Current practice (Cannon et al., 2016; Davis, et al., 2011; Griffiths, 2016; Hall, 2011; Pickett, 2013; Rehage et al., 2008; Senft et al., 2012) works with subjective estimates based on past experience and level of required assurance. Unfortunately, there is no recognized general model how to perform ranking of possible audit areas methodologically. Addressing this gap can contribute to audit practice. Therefore, application of a new dimensional aggregation approach to the problem of choice of possible audit areas (alternatives) according to their estimated or measured properties (attributes) is a valuable contribution.

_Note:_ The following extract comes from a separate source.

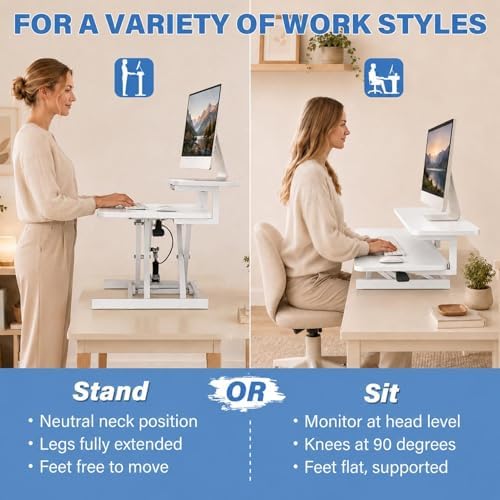37" Height Adjustable Standing Desk Converter, 4.9" to18.5 Height Adjustable Sit Stand Up Desk Riser with Secondary Desks, Desktop Workstation Riser for Home Office Computer Laptop, White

Griffiths (2016, pp. 73-95) and Rehage et al. (2008) introduce a scored risk analysis model for audit plan development based on subjective ordinal scores. Prioritization of the audit areas and the schedule are performed based on the overall risk score of the possible areas of audit. The Griffiths’ model (Griffiths, 2016) considers three large sets of key risk factors: size of the risk or exposure, controls in place and likelihood of audit effectiveness. First, audit activities from the audit universe are combined with information from risk register and matrix, and then with information about existing controls and respective assurance level. On that ground, subjective scores for risk subfactors of the three main factor sets above are produced. Risks are assessed on the scale from 1 (smallest) to 5 (largest). There are weights for each factor that constitute importance in the final formula. The weights only can take values 1, 2 or 3, and the three main factor sets are not weighted (i.e. have equal importance). Next, all the scores are aggregated using weighted sum to a final score (Griffiths, 2016, p. 85). The final risk score is then normalized by multiplying it by an arbitrary value of 200. The larger the result, the more important the area is for auditing. This final score value is then compared to predefined ranges to obtain the relative priority of the areas.